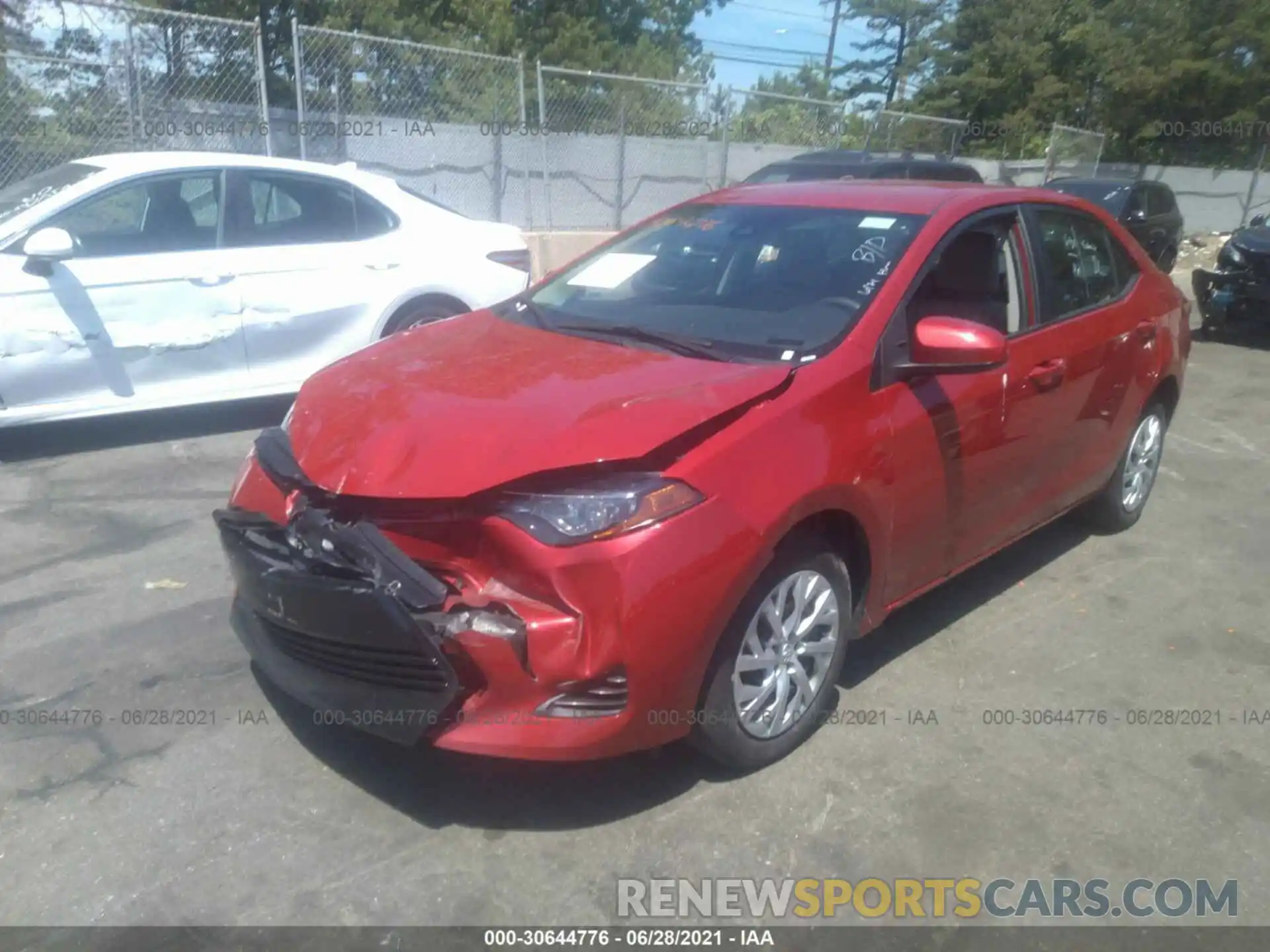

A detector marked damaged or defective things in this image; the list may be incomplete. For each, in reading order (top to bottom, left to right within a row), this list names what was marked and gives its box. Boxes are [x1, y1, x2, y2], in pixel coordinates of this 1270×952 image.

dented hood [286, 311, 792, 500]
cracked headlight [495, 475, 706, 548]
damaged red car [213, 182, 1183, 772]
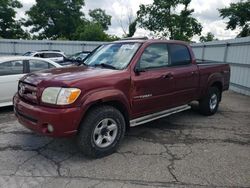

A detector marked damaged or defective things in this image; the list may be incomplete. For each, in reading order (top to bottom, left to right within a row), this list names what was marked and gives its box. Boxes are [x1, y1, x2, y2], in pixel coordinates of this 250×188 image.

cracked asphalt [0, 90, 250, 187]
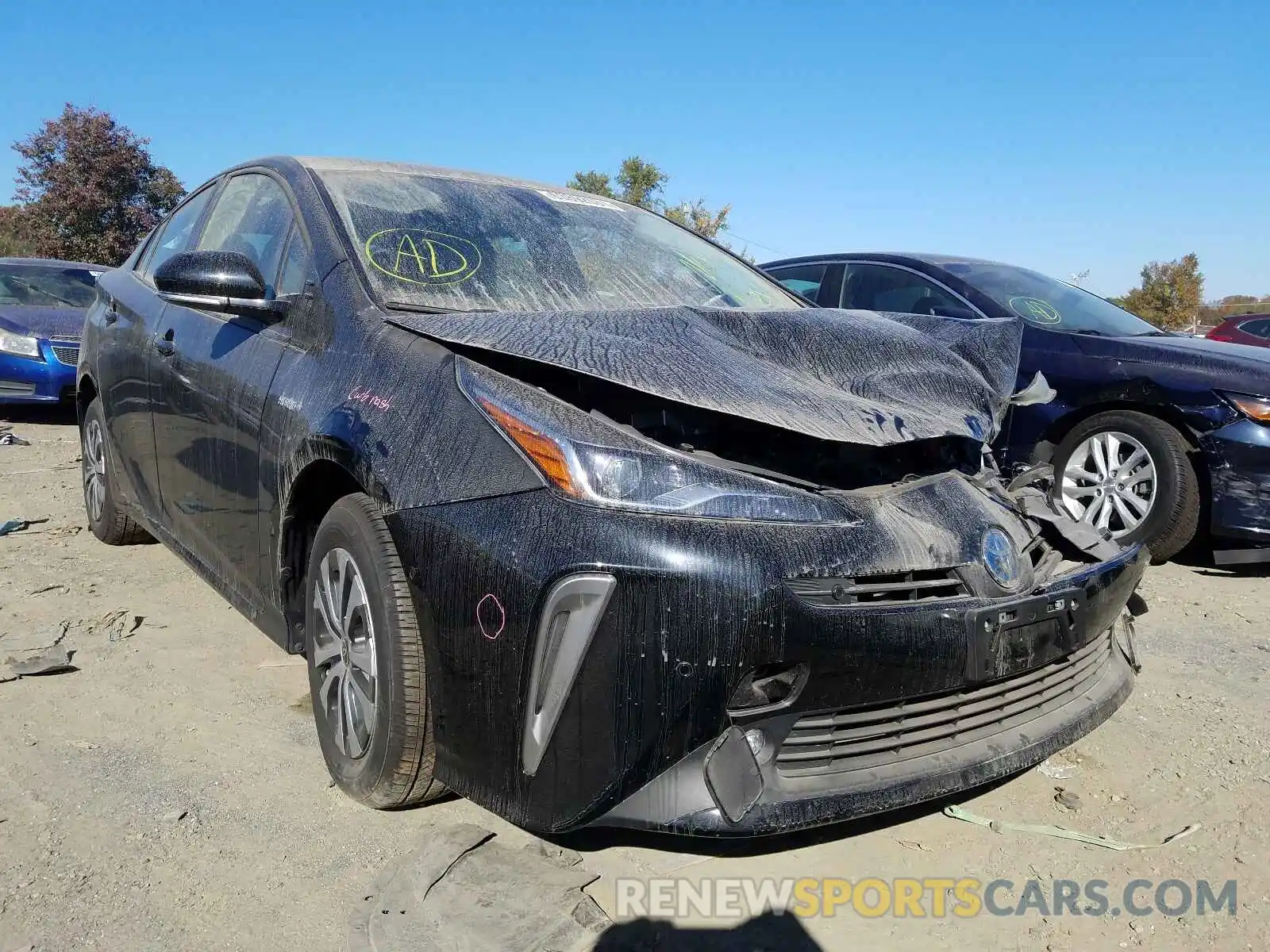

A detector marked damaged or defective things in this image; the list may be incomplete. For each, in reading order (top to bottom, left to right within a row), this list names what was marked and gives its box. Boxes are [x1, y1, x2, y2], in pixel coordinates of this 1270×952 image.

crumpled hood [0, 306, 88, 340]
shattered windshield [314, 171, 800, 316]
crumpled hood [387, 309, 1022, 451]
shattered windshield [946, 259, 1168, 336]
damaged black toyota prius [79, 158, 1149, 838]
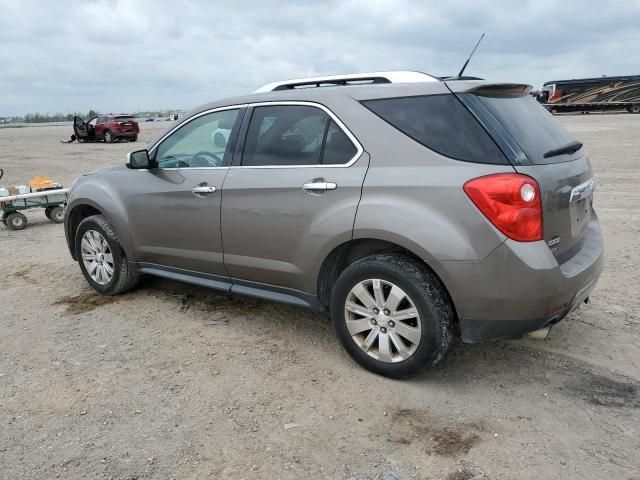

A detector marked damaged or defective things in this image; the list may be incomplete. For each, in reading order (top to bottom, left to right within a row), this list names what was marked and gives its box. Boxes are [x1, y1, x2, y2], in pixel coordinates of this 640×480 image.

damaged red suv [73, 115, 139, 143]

— What to produce —
Up to and including the last line above, starting with the line that contains "this 640×480 image.", return each line exactly and nothing else.

— Result for this exercise —
A detector marked damaged or defective things in this image; the list may be incomplete. For each, in reading order (top to bottom, left to right within a row), this list names what was marked and gives its box. Boxes are [x1, y1, x2, y2], in pixel coordinates of this 640×480 image.

damaged red suv [73, 115, 139, 143]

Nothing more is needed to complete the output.